Re: Compression through normalization

From: Doug Ewell (
Date: Sat Dec 06 2003 - 02:20:51 EST

  • Next message: Doug Ewell: "Re: Compression through normalization"

    Philippe Verdy <verdy underscore p at wanadoo dot fr> wrote:

    > Still in the same subject, how do the hold KSX standards for Han[g]ul
    > compare each other? If they are upward compatible, ans specify that
    > the conversion from an old text not using compound letters to the new
    > standard does not mandate their composition into compund jamos, as
    > they are considered equivalent there, then there's an issue if a text
    > is converted from the old standard set of jamos to Unicode or first
    > converted to the new set and then to Unicode.
    > In that case Unicode will not treat them as canonically equivalent,
    > despite they would have been considered equivalent in the Korean
    > standards. So we will find various data containing precomposed jamos
    > for the johad set, and other syllables not using them.

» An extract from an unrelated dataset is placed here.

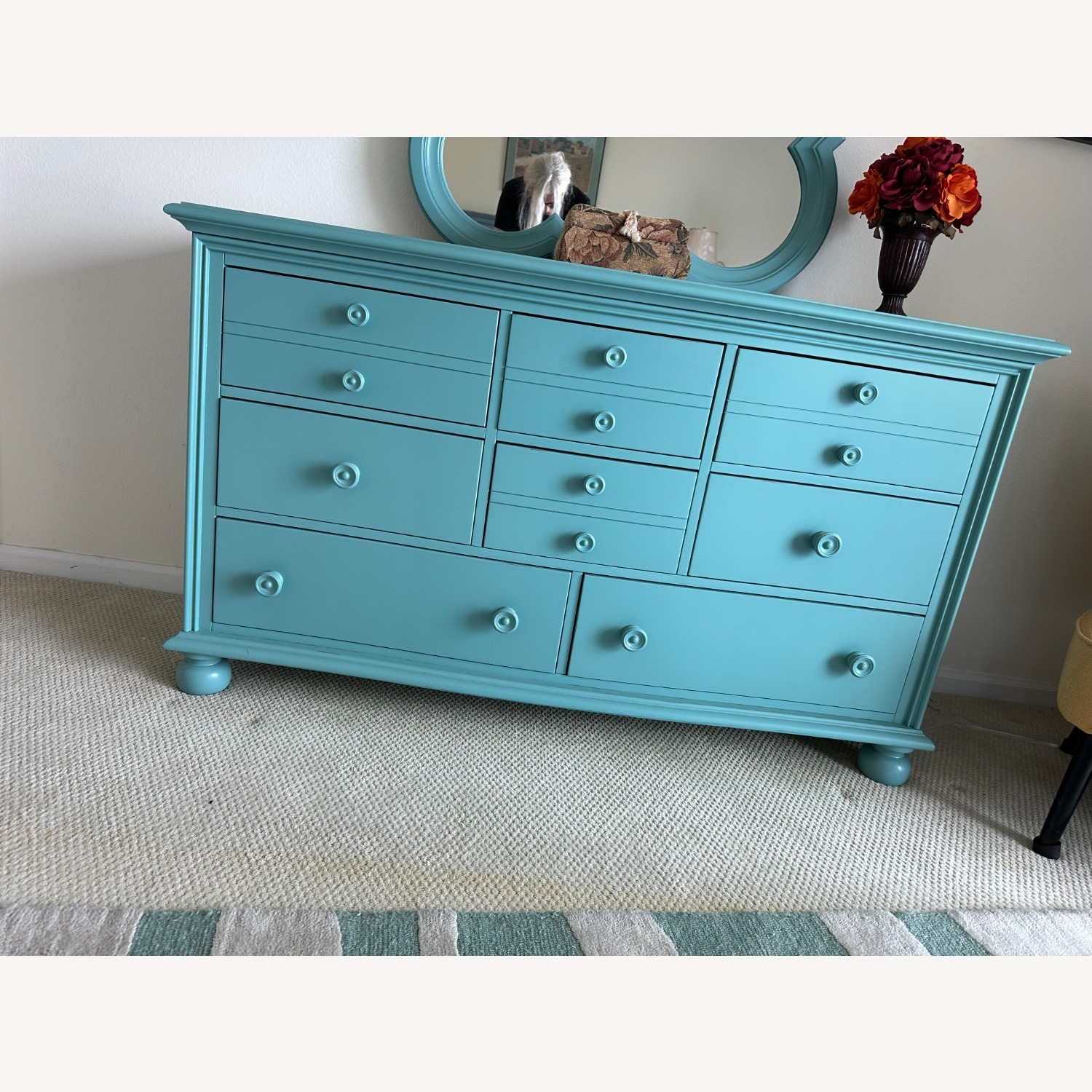 Rooms To Go Blue Wood Dresser - image-2
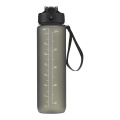 AquaSport GRS Recycling-Wasserflasche 1.000 ml, Schwarz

    Put another way, when converting strictly from a standard such as KS X
    1001 where the consonants are not differentiated as to choseong vs.
    jongseong, the jamos will be converted to the Unicode compatibility
    characters in the U+31xx block, not the "real" Hangul Jamos block at
    U+11xx. They will thus not be canonically equivalent to either the
    U+11xx jamos or the precomposed syllables.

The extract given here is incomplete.